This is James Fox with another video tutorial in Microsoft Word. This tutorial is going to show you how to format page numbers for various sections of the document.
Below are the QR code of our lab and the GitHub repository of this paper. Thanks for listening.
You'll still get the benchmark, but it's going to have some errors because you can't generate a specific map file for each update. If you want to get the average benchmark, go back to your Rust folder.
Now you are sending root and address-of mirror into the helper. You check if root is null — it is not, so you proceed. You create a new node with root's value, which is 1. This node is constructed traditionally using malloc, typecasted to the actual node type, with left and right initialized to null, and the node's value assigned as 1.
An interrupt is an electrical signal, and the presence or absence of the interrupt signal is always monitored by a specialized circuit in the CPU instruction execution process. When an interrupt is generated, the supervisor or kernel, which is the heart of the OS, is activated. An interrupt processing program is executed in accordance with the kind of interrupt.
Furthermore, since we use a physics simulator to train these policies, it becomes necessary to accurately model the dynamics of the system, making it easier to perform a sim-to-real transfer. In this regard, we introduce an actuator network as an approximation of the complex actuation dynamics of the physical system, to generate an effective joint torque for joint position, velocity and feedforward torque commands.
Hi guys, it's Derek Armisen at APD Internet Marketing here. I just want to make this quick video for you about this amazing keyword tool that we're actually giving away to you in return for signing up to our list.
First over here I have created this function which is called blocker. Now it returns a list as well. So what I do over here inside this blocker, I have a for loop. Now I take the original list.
==
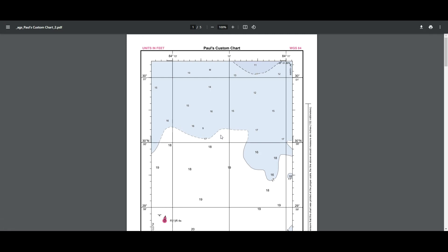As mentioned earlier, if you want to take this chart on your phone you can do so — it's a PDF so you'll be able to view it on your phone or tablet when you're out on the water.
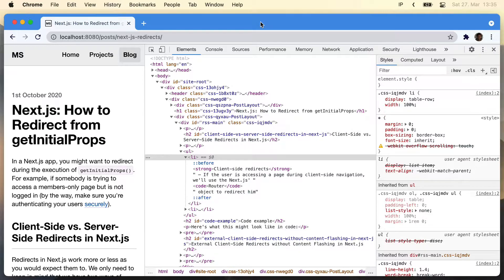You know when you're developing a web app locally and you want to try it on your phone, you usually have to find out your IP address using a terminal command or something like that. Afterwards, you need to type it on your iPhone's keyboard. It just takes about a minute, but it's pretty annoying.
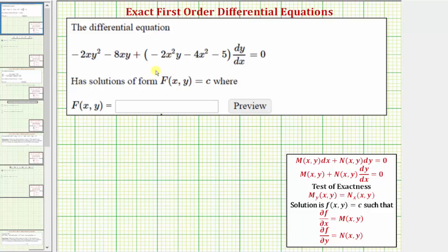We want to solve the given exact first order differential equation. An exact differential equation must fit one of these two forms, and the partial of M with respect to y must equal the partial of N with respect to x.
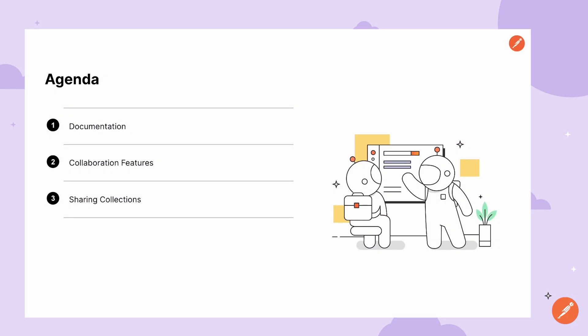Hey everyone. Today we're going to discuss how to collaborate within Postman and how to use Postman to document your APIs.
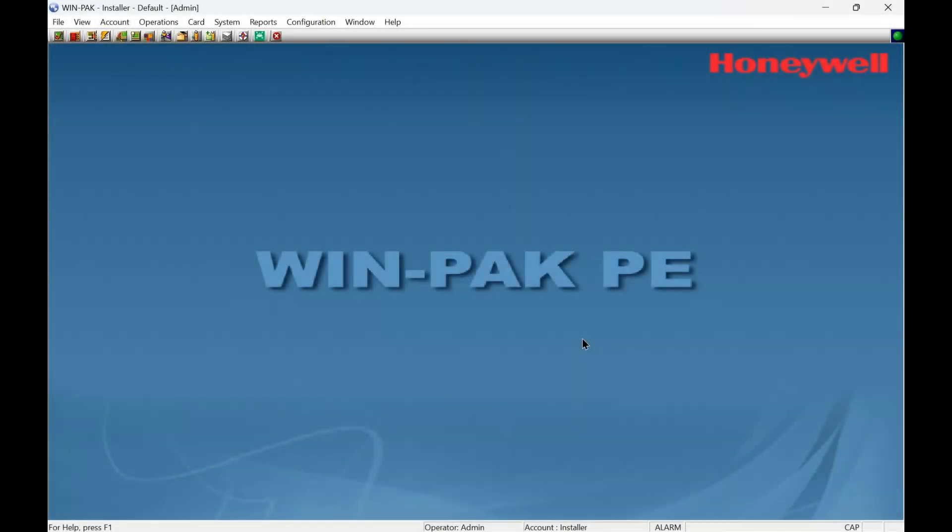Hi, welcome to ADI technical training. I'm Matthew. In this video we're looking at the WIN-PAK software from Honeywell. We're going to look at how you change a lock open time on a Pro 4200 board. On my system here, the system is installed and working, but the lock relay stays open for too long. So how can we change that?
--
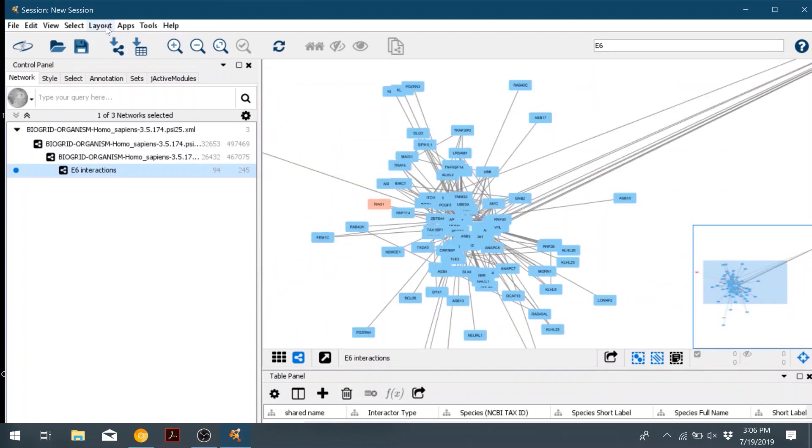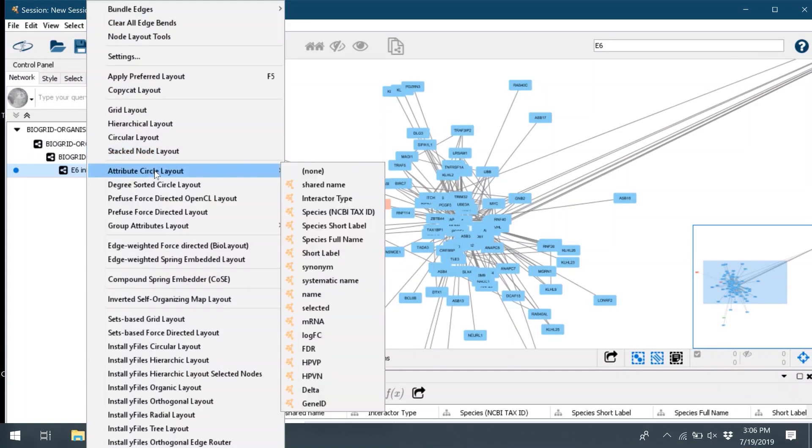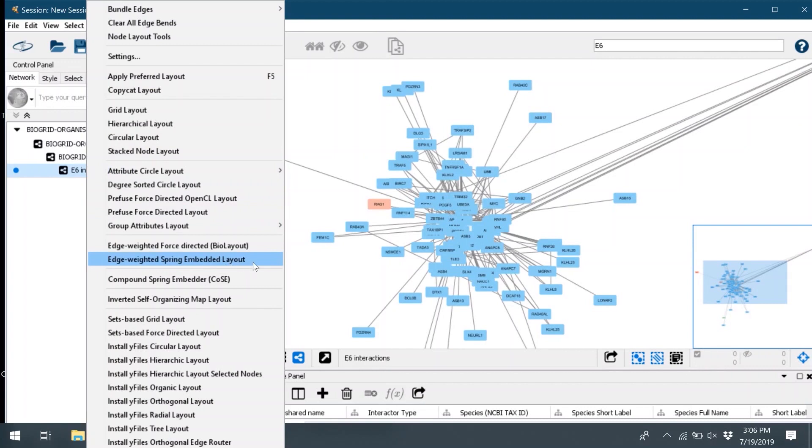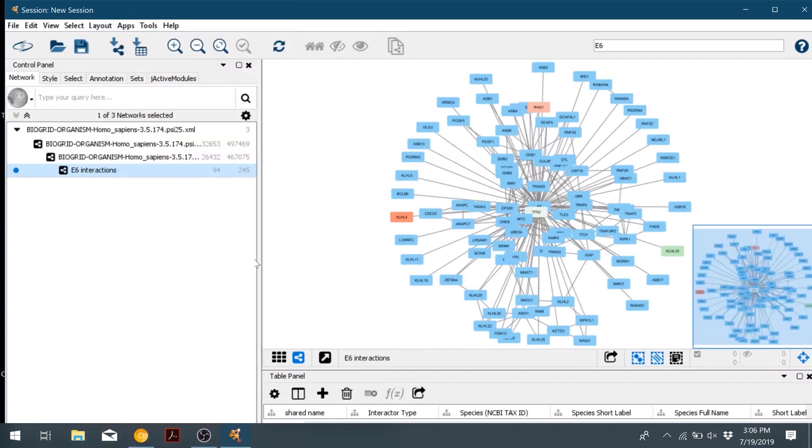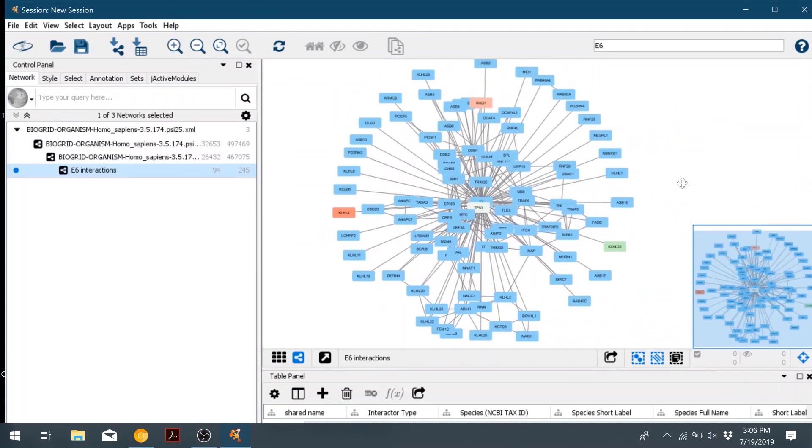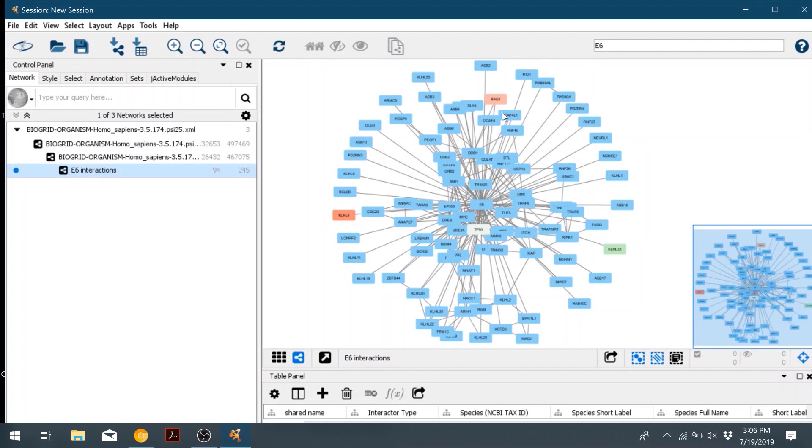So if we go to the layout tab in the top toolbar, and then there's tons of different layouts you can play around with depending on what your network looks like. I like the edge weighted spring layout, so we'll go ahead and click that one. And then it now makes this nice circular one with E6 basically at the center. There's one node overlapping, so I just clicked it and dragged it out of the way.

Work to complete:
Print exactly the lines above, between the one holding "This is James" and the one holding "You'll still get", inclusive, and nothing besides.

Output for this task:
This is James Fox with another video tutorial in Microsoft Word. This tutorial is going to show you how to format page numbers for various sections of the document.
Below are the QR code of our lab and the GitHub repository of this paper. Thanks for listening.
You'll still get the benchmark, but it's going to have some errors because you can't generate a specific map file for each update. If you want to get the average benchmark, go back to your Rust folder.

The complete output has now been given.